Things had changed so fast and everyone was convinced the fall was necessary to rebuild. Reality had become distorted and suddenly, all those crazy movies and books seemed possible. I had spent the past couple of weeks waiting for dragons and aliens to show up, since everything else we had dreamed up had taken place.
“It’s not simple anymore. Roll with the punches, honey, and take the goddamn pill, give me a hug and remember me. Someone had to remember what we have.”
He wanted me to remember. I didn’t want to. I still don’t. Sometimes, I wonder if he had said any of those things or if I placed them in that memory.
I saw him the other day, Robert. I saw him and almost walked up to him, but then realized that he wouldn’t know who I was. He was standing in front of a tree, looking at it, and the sky peeking out from between the leaves. He seemed content.
I hate him for it some days. Alone, pretending, hiding myself from the world and putting on a face every morning. I hate him for the things that I remember. I hate knowing what a hot shower felt like. I hate knowing what that odd object really does. I hate knowing he is alive, and well, and doesn’t love me, doesn’t know to love me.
I tried to forget, but it’s hard when everyone else has and you remember.
The man, the one who said it will get worse, I think he remembers.
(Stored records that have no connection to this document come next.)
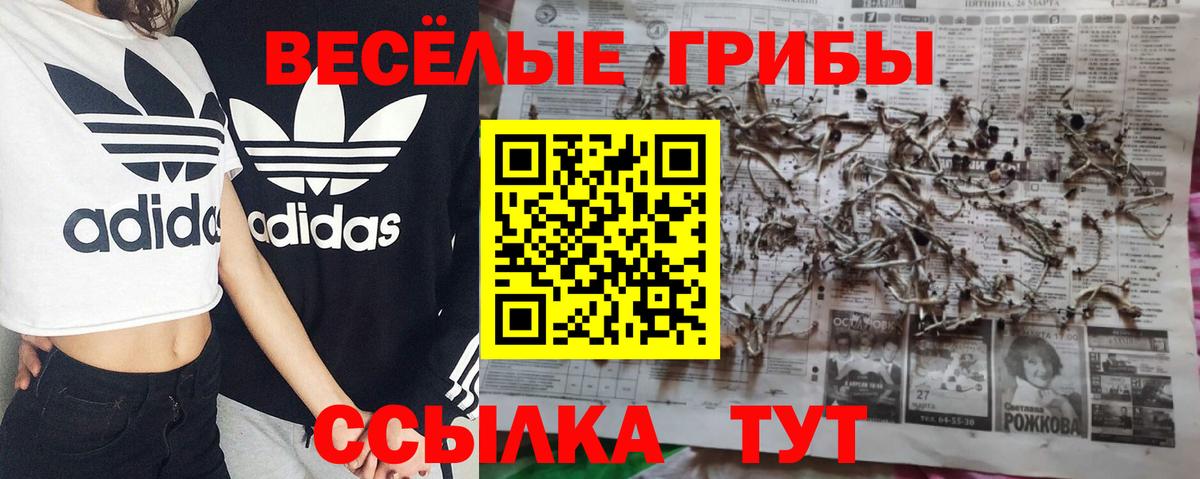 Баксан  Псилоцибиновые грибы мухоморы  Вход с VPN 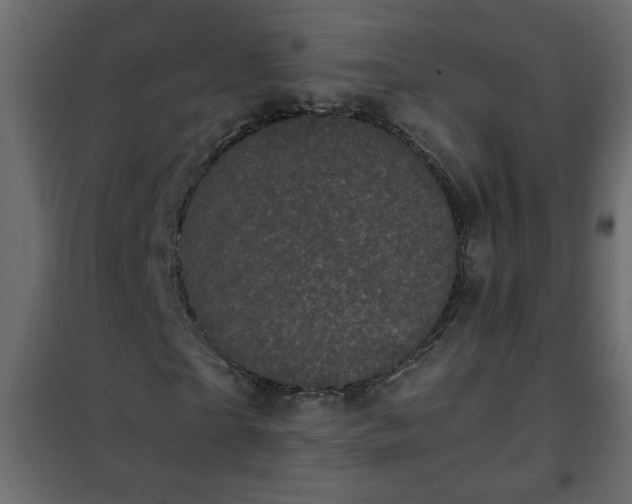 X0000102340865200808081128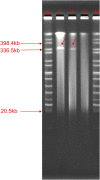 FIGURE 4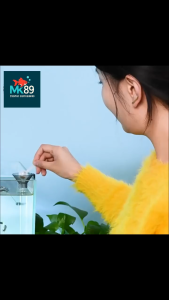 Tempat Makan Ikan Akrilik Apung / Tenggelam Fish Feeder Feeding Tube Panjang 24 – 41 cm Akuarium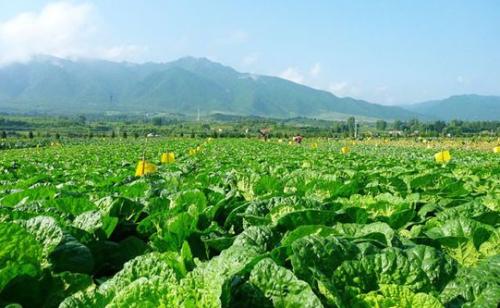黔菜出山？贵州蔬菜产业大发展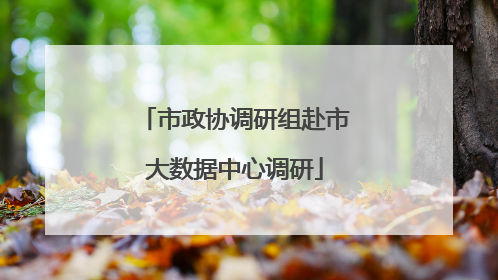 市政协调研组赴市大数据中心调研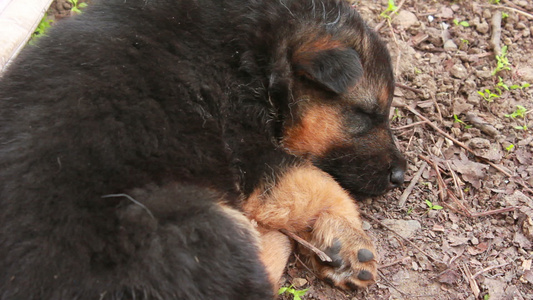 小牧羊犬在睡觉视频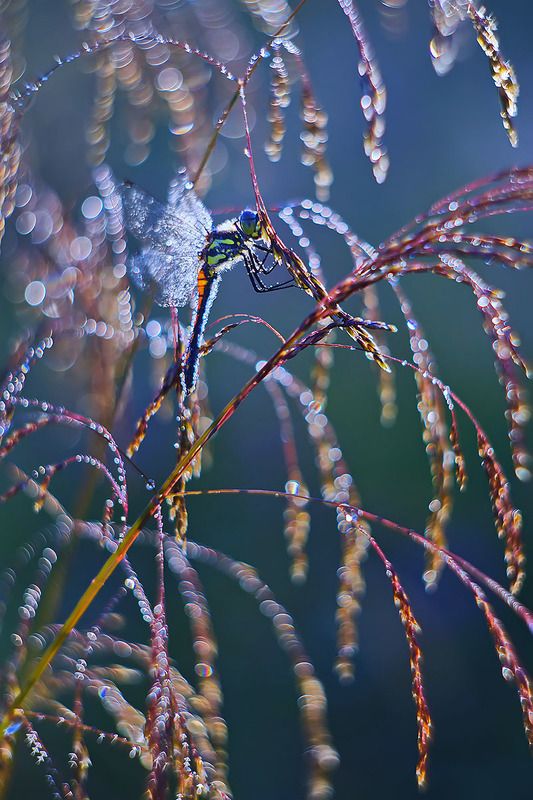 стрекоза, насекомое, утро, макро, природа, роса Стрекоза и утроphoto preview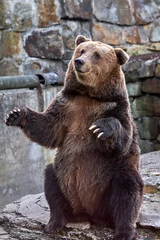 Fotobehang Brown bear (Ursus arctos). ZOO © Вячеслав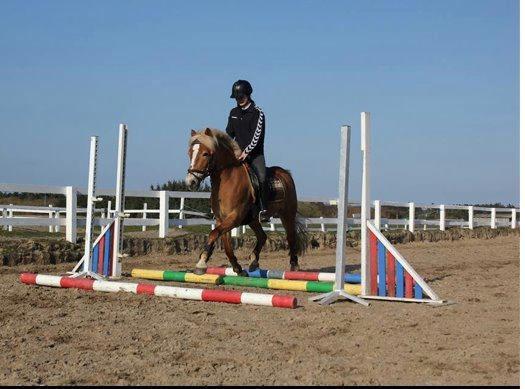 Haflinger Kousteds Ronja - min fantastiske TØZ!<3 billede 19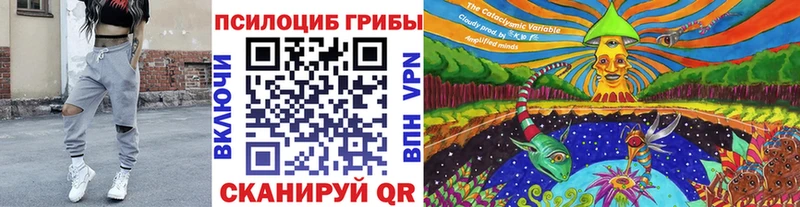 Псилоцибиновые грибы прущие грибы  магазин продажи   Пласт 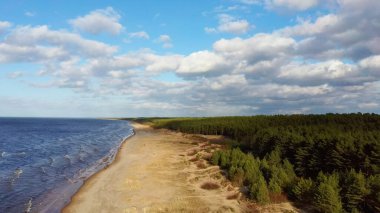 Hava Dron Garciems Plajı, Letonya Baltık Denizi Güneşli Kış Günü Büyük Bulutlar Çam Ağaçlı Kum Tepeleri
I think he is the same as me. The others, they chose to rise above. They lied. They formed memory into something terrible. And no one knows. The recollectors should have remembered, and saved us. Instead, they’re making all the mistakes we already have and that they should remember.
I have to find him. I have to find him again before they find me. Maybe he’ll know how to forget. I can’t stand to pretend another day, and I don’t want to watch anymore. I don’t want to watch the fall after the fall. It has to end.